FIG. 1 is a block diagram illustrating a system for generation of synthetic diffusion-augmented graphical dataset in accordance with an embodiment of the present invention. The system comprises a graph structure generation module 102, a mask generation module 104, a metadata generation module 106, an image generation or diffusion module 108, a merge layers module 110, and an augmentation module 112.

The graph structure generation module identifies the input data 100. The graph structure generation module 102 defines the components and their layout for a type of graphs, such as bar chart, line chart, geometric figures etc. in a semi-randomized manner using pre-defined constraints on parameter ranges or values. The graph structure generation module 102 leverages the versatility of the open SVG format to create graphics with high variability and known configuration parameters for things like the locations of lines, text, shapes, or points. The graph structure generation module 102 uses randomized axis, line, bar, and label information to generate figures with precise control over the positions of the lines, grids, points, axis, tick-marks, keys, text, bars, etc. inside each figure. The graph structure generation module 102 uses a wide range of potential content prevalent in the training data and adjusted the data to reflect real data and/or common failure points for extraction.

The Mask Generation module 104 encapsulates the logic for binary masks based on rendering order of the components and overlap criteria. Some components can have overlap, but text labels need to be in front and non-overlapped with other text or lines. As components are rendered, some masks are recomputed to enforce such constraints. The mask generation module 104 ensures that the generation pipeline can be tweaked to preserve component features to the extent needed from inadvertent effects of image generation models like stable diffusion.

The Metadata Generation module 106 creates the ground truth files that save all the metadata for generation. The ground truth files can be distilled to generate training datasets that use the generated synthetic images. The metadata is saved in json files for ground truth information such as, position, text content, and numeric data. SVG files are used to save contour information for re-rendering. Image masks are also saved as PNG files for potential usage in building AI models for automation of graphical interpretation.

The Image Generation module or the Diffusion module 108 consists of one or more Image generation Foundation models, such as, Stable Diffusion, DALL.E. etc. The image generation module 108 has engineered prompts to generate realistic images of different components or apply variations in the background that correspond to scanned images of graphs. The image generation module 108 uses diffusion process to craft top-tier artwork from an input image.

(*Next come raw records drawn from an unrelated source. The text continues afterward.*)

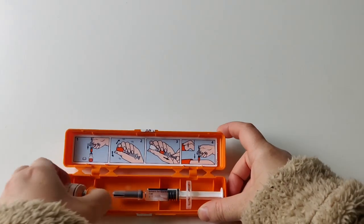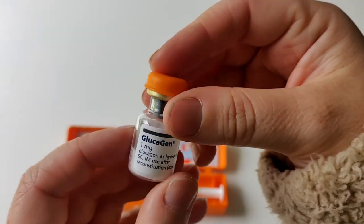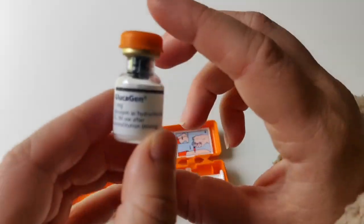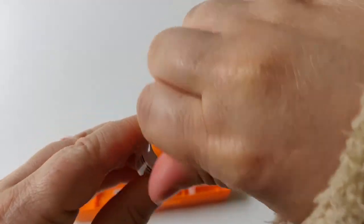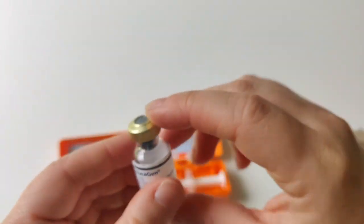First, take out the vial. You can see it just has powder inside — no liquid. This is the glucagon that needs to be reconstituted with the water from the syringe. The first step is to remove the plastic cap from the vial, and once you've done that you can see the stopper where the syringe will pierce. Get that ready.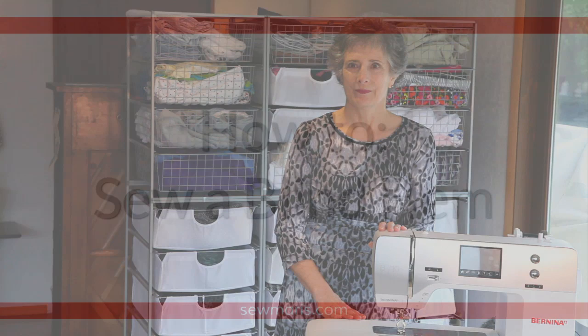Hi, I'm Maris Olson, owner of SewMaris.com. Today I want to show you how to hem dress pants, skirts, and dresses just like they do in ready-to-wear using a blind hem stitch. Let's get started.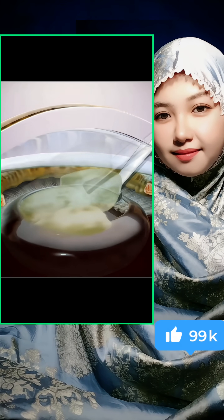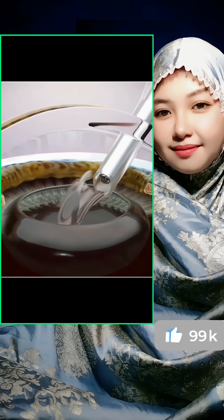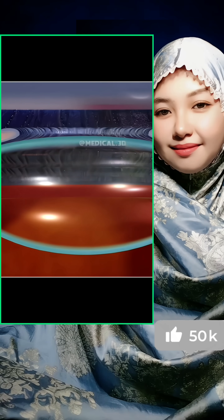Ever wondered how doctors remove a cloudy lens from the eye to turn blurry vision crystal clear? Cataract surgery is needed when the eye's natural lens becomes cloudy and blocks light.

The Merge Layers module 110 encapsulates the logic to merge the generated components with selective masking to control the quality of the output.

The Augmentation module 112 applies minor image-based augmentations such as scaling, warping or contrast variations to the generated images without altering the information content in the image.

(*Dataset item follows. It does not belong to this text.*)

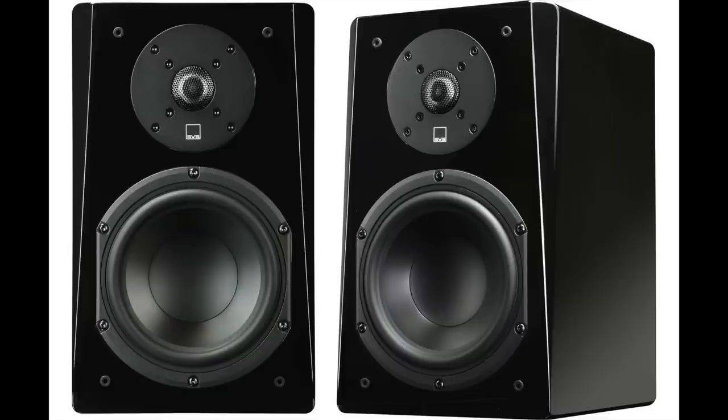Both of these speakers are two-way speakers. They feature a six-and-a-half inch midwoofer and a one-inch dome tweeter. Price is about $599 to $699 for the Prime and about $1,199 for the Ultra. So what do you get with the Ultra? That's more where we're going to focus in this review. The difference I heard was that the Prime was more audibly forward and more bright in the upper mid-range and lower treble region, and we'll see in the data why that tended to be the case.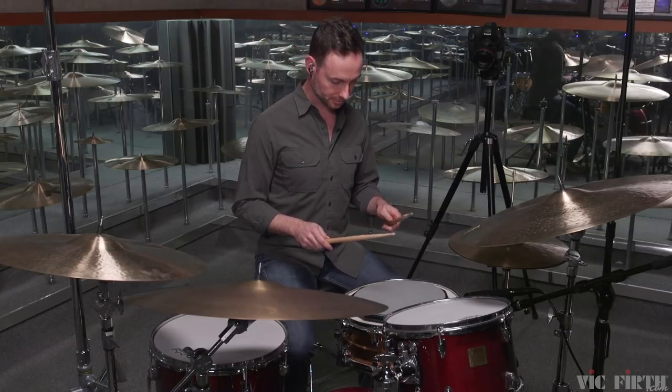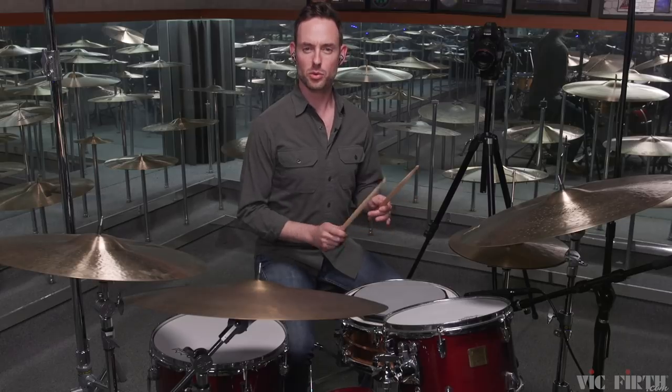So I'm going to play number three really slowly. Here we go.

FIG. 2 is a flow chart illustrating the method for the generation of synthetic diffusion-augmented graphical dataset in accordance with an embodiment of the present invention. In the first step 202, a graph structure is generated. The graph structure generation module identifies parameters for graph generation, such as components and their layout for a type of graph (bar chart, line chart, geometric figures). The constraints for each component and layer of the graphs are identified and randomized parameters, such as colors are inserted in the graph. The process is done in a semi-randomized manner using pre-defined constraints on parameters range or values. The constraints and parameters are taken from a pre-trained graphical dataset. The axis, line, bar, and label information are used randomly from the pre-trained dataset to generate figures with precise control over the position of the lines, grids, points, axis, tick-marks, keys, texts, bars etc. inside the figure. The constraints and parameters are chosen to reflect the variance of real graphical datasets.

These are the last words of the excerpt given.